Líderes da oposição na Guiné-Bissau acusam o Presidente Umaro Sissoco Embaló de ter encenado um falso golpe de Estado para impedir a proclamação dos resultados eleitorais de 23 de Novembro. Segundo esses dirigentes, o alegado plano teria sido articulado pelo próprio chefe de Estado, pelo seu tio — chefe do Estado-Maior das Forças Armadas — e pelo sobrinho, que dirige a Casa Civil, numa tentativa de travar uma eventual vitória da coligação formada pelo PAIGC e pelo candidato independente Fernando Dias.

As acusações ganham força pelo contexto político: um processo eleitoral marcado pela desqualificação dos dois maiores partidos, pela exclusão de Domingos Simões Pereira das presidenciais e pela proximidade da divulgação dos resultados definitivos por parte da Comissão Nacional de Eleições (CNE).

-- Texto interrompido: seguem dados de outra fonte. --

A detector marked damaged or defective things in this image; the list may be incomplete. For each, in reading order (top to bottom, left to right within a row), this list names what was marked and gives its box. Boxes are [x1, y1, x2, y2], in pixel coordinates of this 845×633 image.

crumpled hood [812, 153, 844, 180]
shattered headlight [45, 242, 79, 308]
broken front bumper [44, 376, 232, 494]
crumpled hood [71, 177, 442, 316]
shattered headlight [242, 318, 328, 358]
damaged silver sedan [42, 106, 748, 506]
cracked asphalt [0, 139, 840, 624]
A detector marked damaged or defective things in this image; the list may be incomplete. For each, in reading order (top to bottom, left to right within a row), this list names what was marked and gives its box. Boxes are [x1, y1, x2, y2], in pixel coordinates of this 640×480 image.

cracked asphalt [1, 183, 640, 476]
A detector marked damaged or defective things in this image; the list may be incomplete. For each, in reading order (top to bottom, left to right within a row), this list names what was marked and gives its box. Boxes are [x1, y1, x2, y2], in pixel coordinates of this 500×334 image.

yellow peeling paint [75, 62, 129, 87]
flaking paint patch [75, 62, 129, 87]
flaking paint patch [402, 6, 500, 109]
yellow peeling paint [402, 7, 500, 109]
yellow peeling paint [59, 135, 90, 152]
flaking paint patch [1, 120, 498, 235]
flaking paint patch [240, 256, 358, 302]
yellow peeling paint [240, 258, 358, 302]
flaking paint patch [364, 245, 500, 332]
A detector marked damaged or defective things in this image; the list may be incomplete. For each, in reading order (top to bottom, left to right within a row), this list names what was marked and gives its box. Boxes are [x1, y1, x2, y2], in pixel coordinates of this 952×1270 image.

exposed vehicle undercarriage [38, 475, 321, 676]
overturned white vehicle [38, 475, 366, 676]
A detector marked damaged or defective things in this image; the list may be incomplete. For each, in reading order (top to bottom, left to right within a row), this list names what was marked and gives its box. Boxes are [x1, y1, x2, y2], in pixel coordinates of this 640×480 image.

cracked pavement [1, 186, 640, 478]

De acordo com a versão apresentada pela oposição, o alegado plano teria sido dividido em três etapas: assaltar a sede da CNE, sequestrar o candidato vencedor e, caso esse plano falhasse, simular a detenção do próprio Presidente da República — um auto-golpe destinado a justificar a suspensão da ordem constitucional.

A oposição sustenta ainda que, com o apoio do tio nas estruturas militares, o gabinete presidencial teria sido “deslocado” para um quartel, onde foi anunciada a detenção do próprio chefe de Estado, dando início a um período de transição militar estimado entre dois e três anos.